Enquanto, na padaria, saboreava meu café matinal, chamou-me a atenção, uma conversa de balcão, dessas em que o locutor faz questão que todos os presentes escutem aquilo que seu pomposo ego pensa ter de especial para dizer. O egocêntrico locutor, por volta de uns 45 anos de idade, cabelos com mechas grisalhas, corpo tomado pela obesidade mórbida, diante da pequena estante de jornais, perguntou para um dos balconistas:
— E aí, "Ceará"? Você apanhou muito do seu pai quando ainda era pequeno?
— Vixe! — de cabeça baixa, respondeu o jovem atendente, enquanto preparava o lanche de outro cliente.
— E foi por apanhar muito que você virou homem, não foi?
— Opa! — exclamou o rapaz com um orgulhoso sorriso.
— Pois eu apanhei pra cacete! Peguei o tempo da vara de marmelo... Só que apanhei com gosto! Pois nunca deixei de fazer o que sempre quis!
— Eu tomava cada tapa no ouvido e pé na bunda, que ficava quase uma semana sem escutar e sentar direito. O "véio", era foda! — exclamou ele, lançando um olhar saudoso.
— Pois é! As coisas agora estão todas invertidas... Você viu no jornal? O cara foi indiciado e está quase perdendo a guarda da filha, porque o vizinho do lado, depois de filmá-lo batendo várias vezes, de chinelo, em sua filha, o denunciou... Quer saber? Se o filho "é meu", tenho direito de educá-lo do jeito "que eu quiser" e ninguém tem nada a ver com isso. Tenho o direito de educá-lo do jeito "que penso" ser melhor. Se funcionou comigo e com você, "tem que" funcionar com "meus" filhos. E tem mais: se alguém me denunciasse por bater num dos meus filhos, com certeza, passado algum tempo, mandaria matá-lo...
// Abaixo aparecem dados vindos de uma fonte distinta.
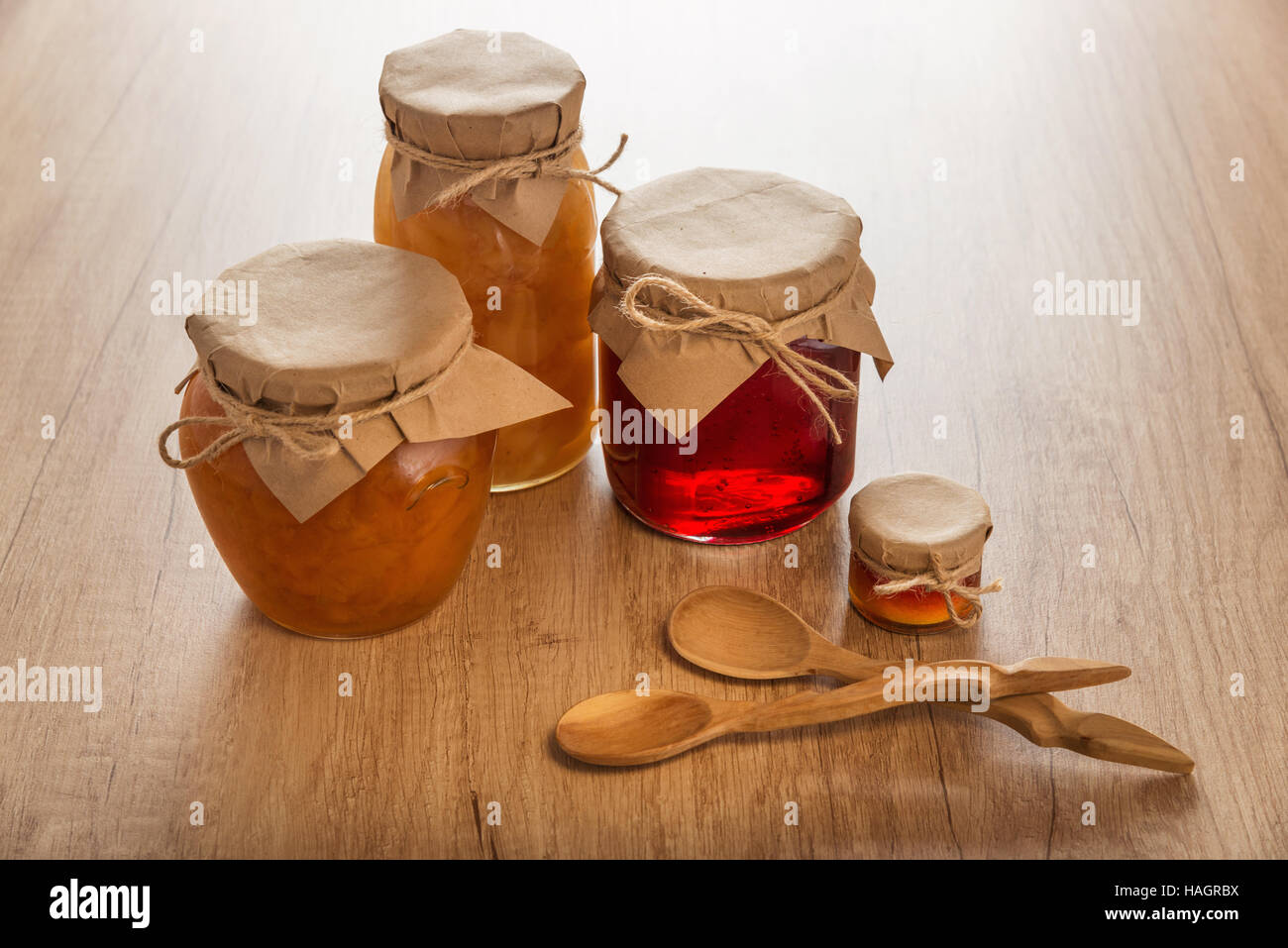 Dulce mermelada casera y cucharas sobre mesa de madera Foto de stock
Diante de sua postura egocêntrica, o arrogante tom de sua fala e o embolorado teor de suas idéias, de fato, penso que a educação de "psicosurras" ministrada pelos seus pais, cumpriram um equivocado papel: o de lhe roubar a capacidade do exercício de uma inteligência amorosa, tornando-o um irracional e mecânico copista de uma arcaica e disfuncional educação que, da verdadeira Educação, não merece sequer o uso desta palavra. Se ele tivesse um pouquinho só da capacidade de ouvir a si mesmo, com certeza, uma chispa de inteligência, também o denunciaria e, quem sabe, este, em silêncio, permaneceria.